Work task: Scan the data below for the string "white". Show every line where it turns up.

Material for this task:
------------------------------

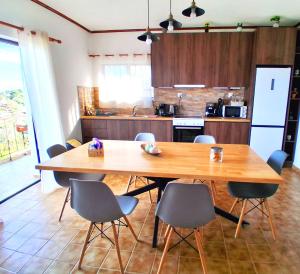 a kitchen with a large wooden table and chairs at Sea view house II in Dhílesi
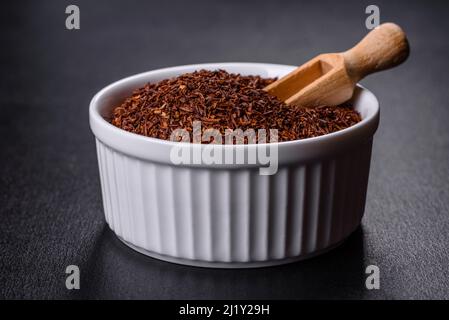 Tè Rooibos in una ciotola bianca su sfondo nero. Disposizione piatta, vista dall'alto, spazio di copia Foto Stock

------------------------------

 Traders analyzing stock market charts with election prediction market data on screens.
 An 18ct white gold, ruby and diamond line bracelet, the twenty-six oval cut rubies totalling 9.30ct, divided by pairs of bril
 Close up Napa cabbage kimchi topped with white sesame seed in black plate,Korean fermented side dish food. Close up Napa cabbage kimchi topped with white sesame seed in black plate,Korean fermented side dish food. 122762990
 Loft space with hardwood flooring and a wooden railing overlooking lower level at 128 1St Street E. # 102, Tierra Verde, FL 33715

------------------------------

Solution below:
 An 18ct white gold, ruby and diamond line bracelet, the twenty-six oval cut rubies totalling 9.30ct, divided by pairs of bril
 Close up Napa cabbage kimchi topped with white sesame seed in black plate,Korean fermented side dish food. Close up Napa cabbage kimchi topped with white sesame seed in black plate,Korean fermented side dish food. 122762990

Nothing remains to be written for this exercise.